- [REQUIRED WORK]
In your copy, leave out the pictures and output only the lines from the one holding "Cairn Terrier dog" through the end of the data below, exactly.

- [COLLECTED DATA]
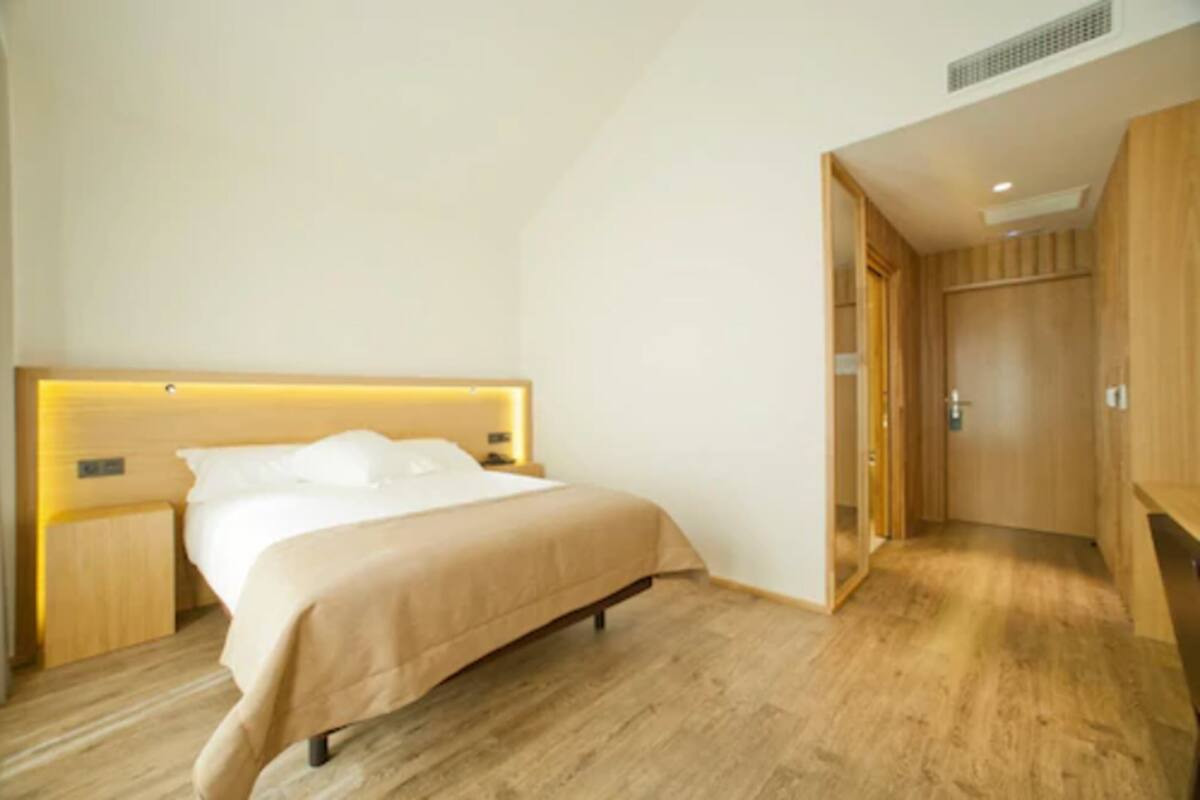 Una habitación de hotel moderna con piso de madera, una cama con cubrecama color beige, una mesita de noche y un guardarropa.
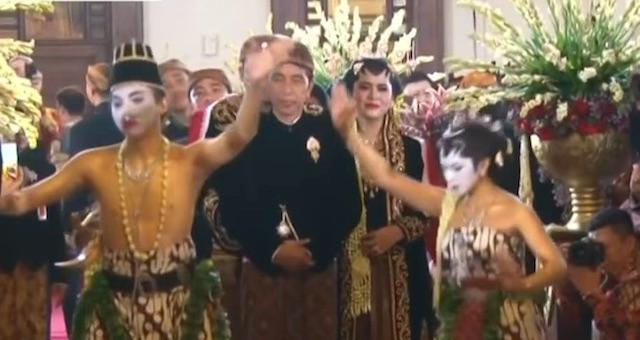 Sepasang penari di depan pengantin mengantar ke pelaminan. Bermula dari tugas suci, sekarang menjadi penggembira.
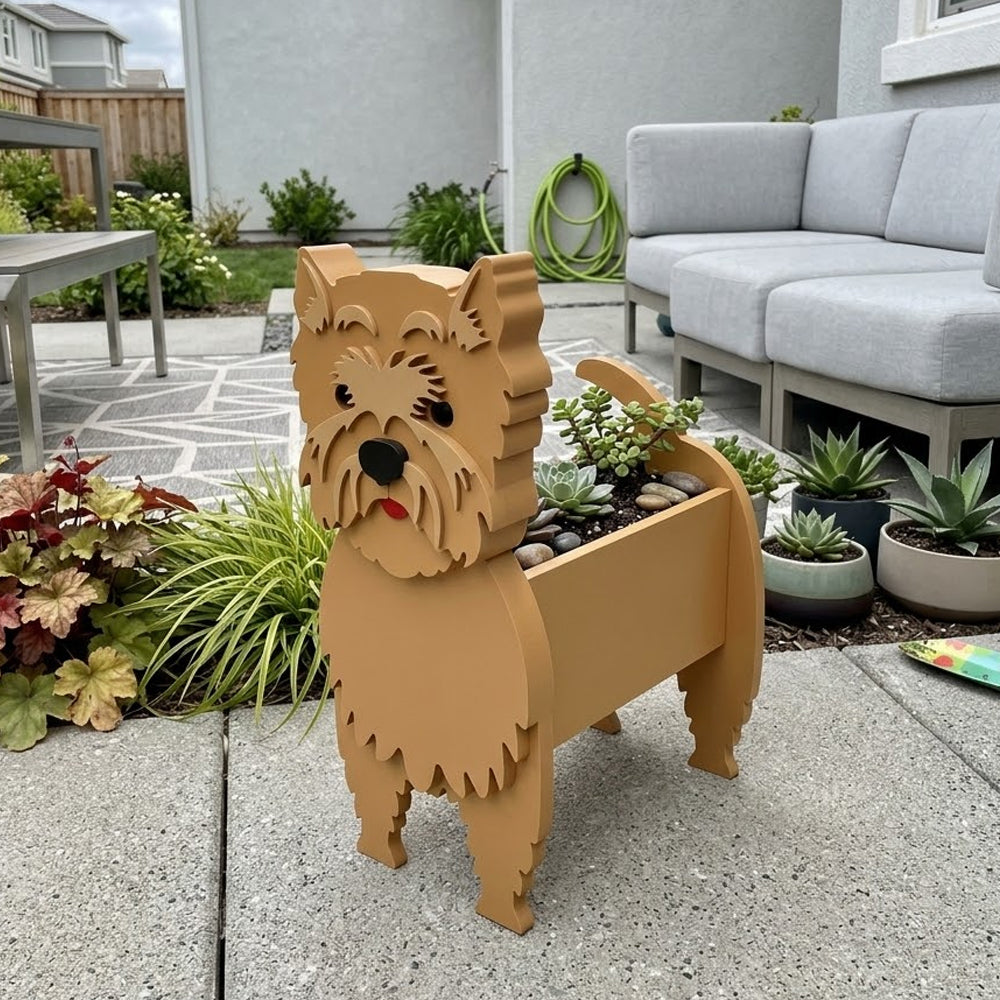 Cairn Terrier dog planter filled with fresh flowers is placed in the garden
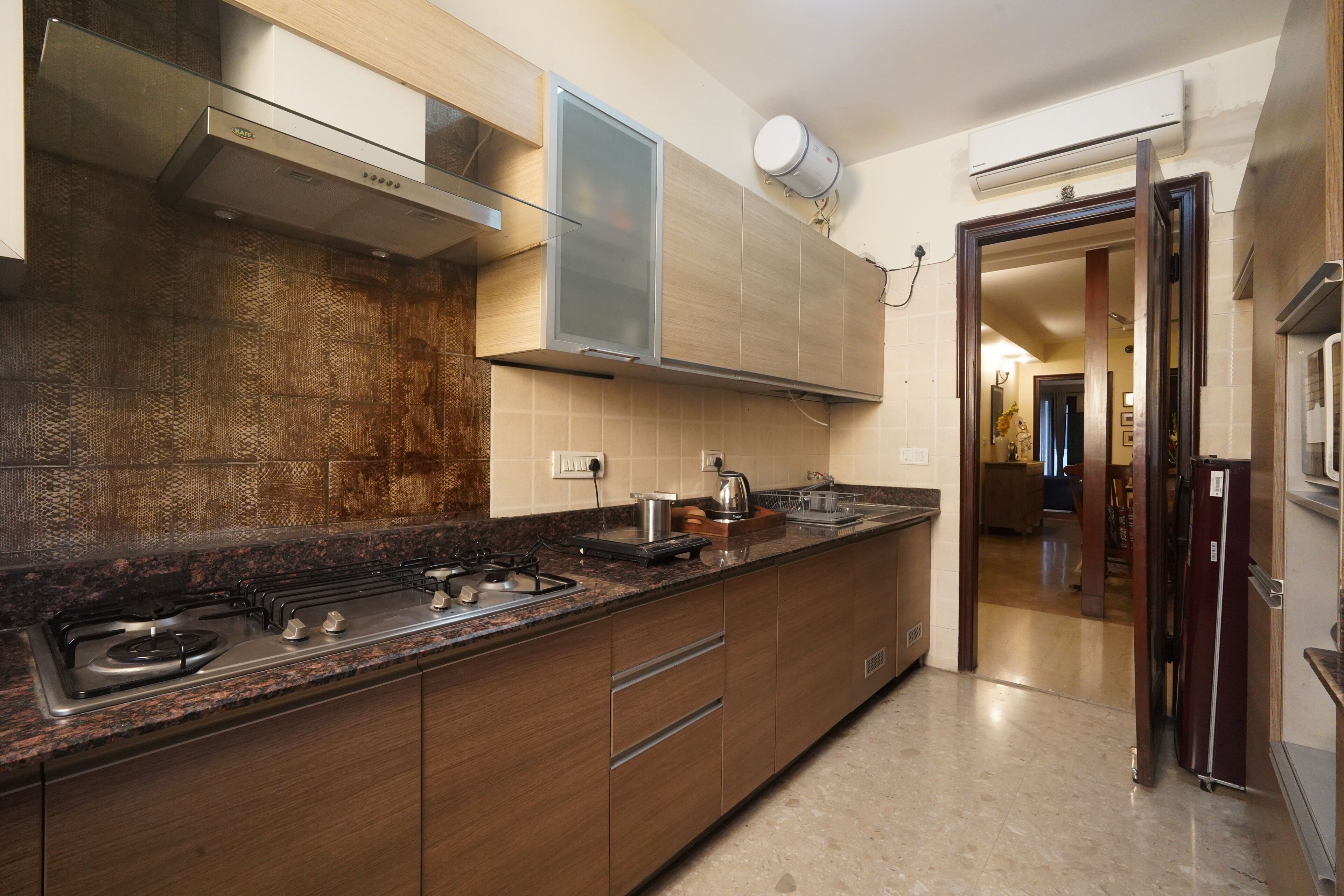 Apartamento | Cozinha privada | Geladeira grande, cafeteira/chaleira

- [RESULT]
 Cairn Terrier dog planter filled with fresh flowers is placed in the garden
 Apartamento | Cozinha privada | Geladeira grande, cafeteira/chaleira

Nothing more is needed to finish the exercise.